V. Saúde, Doença e a Tentativa Terapêutica

  • Ser saudável significa, elementarmente, ser capaz de comer, beber, dormir, amar, trabalhar, falar, pensar e jogar, enquanto a doença indica desajustes maiores e manifesta intolerância a frustrações inevitáveis; o esforço terapêutico, seja farmacodinâmico, psicoterápico ou social, visa a conservação da vida e a acomodação do organismo, mas confronta-se com o fato de que cada doença abre uma brecha por onde fluxos necessários entram e saem, e que a unidade psicossomática diferenciada parece necessitar estar doente em algum lugar, pois a doença não é apenas falta, mas abertura.
  • A psicologia é capaz de reduzir tudo às suas motivações psicológicas, e a sociologia às condições sociais, mas ambas esbarram em seus limites e limiares; exigir uma síntese psicossociológica é urgente, mas arrisca permanecer programática se não compreender que o psicológico e o sociológico emergem juntos de um fundamento que os ativa e contém, um texto confuso onde o princípio da razão suficiente encalha.
  • Poder-se-ia conceber um Instituto do Humano que estudasse de maneira multidimensional e pluralista todos os problemas relativos a este absoluto, unindo biólogos, médicos, psicólogos, sociólogos e até parapsicólogos para analisar a árvore genealógica, a constituição psicossomática, o meio social e os fenômenos ultrafluidos, na tentativa de compreender, curar e normalizar o humano planetário e sua errância.

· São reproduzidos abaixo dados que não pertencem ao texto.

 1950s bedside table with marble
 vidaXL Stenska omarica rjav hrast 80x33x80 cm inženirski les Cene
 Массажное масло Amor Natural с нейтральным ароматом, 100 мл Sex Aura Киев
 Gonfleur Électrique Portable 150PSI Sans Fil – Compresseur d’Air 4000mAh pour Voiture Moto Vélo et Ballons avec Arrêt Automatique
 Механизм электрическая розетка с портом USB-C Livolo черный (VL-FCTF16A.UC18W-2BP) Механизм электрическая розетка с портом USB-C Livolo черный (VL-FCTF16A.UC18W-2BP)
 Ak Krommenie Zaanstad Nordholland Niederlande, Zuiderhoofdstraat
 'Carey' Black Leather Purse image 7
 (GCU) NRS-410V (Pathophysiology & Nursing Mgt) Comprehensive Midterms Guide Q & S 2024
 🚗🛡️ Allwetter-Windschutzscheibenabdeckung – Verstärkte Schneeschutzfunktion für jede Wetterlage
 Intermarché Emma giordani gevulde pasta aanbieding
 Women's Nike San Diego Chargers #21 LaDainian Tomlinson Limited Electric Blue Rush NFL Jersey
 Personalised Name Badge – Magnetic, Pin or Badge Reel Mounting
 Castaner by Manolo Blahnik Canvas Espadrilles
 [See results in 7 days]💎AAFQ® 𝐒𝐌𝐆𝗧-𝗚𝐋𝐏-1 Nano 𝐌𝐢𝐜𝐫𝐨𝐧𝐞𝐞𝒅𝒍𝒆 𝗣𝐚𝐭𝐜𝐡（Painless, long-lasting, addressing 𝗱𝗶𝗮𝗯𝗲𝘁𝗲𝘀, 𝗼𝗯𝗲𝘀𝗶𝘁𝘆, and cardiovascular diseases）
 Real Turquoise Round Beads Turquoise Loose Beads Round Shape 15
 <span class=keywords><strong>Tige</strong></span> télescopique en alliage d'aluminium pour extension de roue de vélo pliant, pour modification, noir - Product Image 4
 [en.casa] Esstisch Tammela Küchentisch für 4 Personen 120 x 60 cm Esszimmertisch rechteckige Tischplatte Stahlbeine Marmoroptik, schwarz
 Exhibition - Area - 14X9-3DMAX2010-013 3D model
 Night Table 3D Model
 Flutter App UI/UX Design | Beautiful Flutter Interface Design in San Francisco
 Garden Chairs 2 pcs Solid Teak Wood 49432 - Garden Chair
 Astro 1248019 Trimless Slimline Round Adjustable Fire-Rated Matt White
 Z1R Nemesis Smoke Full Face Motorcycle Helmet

VI. Morte, Sobrevivência e o Fim do Humano

  • O ser humano entra na vida e no mundo trabalhando, falando, lutando e morrendo, deixando o mundo com um desejo de sobrevivência e eternidade; os sobreviventes oscilam entre o culto místico dos mortos e a sua aniquilação, enquanto mitos, religiões e metafísicas tentam assegurar a sobrevivência contra a morte imortal, seja através de uma sobrevivência genealógica, cósmica, teológico-antropológica ou histórico-humana através das obras e traços deixados na memória e no esquecimento.
  • O tempo é a obsessão constante do humano, e o humano talvez seja a obsessão passageira do tempo; tudo o que aparece, é e desaparece fá-lo no tempo, que é tanto instante quanto duração, criação e deterioração, não se deixando imobilizar e constituindo a residência do que passa; a finitude radical do ser do humano e do ser do mundo constitui o jogo dentro do qual tentamos fazer malabarismos.
  • Segundo o fragmento de Anaximandro, o ilimitado é a origem dos entes, onde estes nascem e perecem por necessidade, prestando justiça e pagando penalidade uns aos outros pela injustiça segundo a ordem do tempo; a individuação emerge da totalidade do ser e nela imerge novamente, num processo onde o particular e o universal se entrelaçam.
  • Não sabemos se há sobrevivência ou imortalidade, pois qualquer resposta dogmática ou agnóstica evita a questão posta pela própria práxis do pensamento e da vida; a vida e a morte, cada uma singular e universal, contradizem-se e conjugam-se, mantendo as potências opostas e complementares sem que um termo sintético seja a última palavra, pois não há vida verdadeira sem morte, e a morte total cessaria de ser vivida e dita.
  • O que efetua a ascensão do humano é, evidentemente, a história mundial; resta saber se o fim do humano significaria o fim de um certo tipo de humano ou o fim do humano como fim, e se o que sobrevive ao humano não é também aquilo que o suporta, numa transumância que não é própria apenas aos humanos, mas a tudo que participa do jogo do mundo.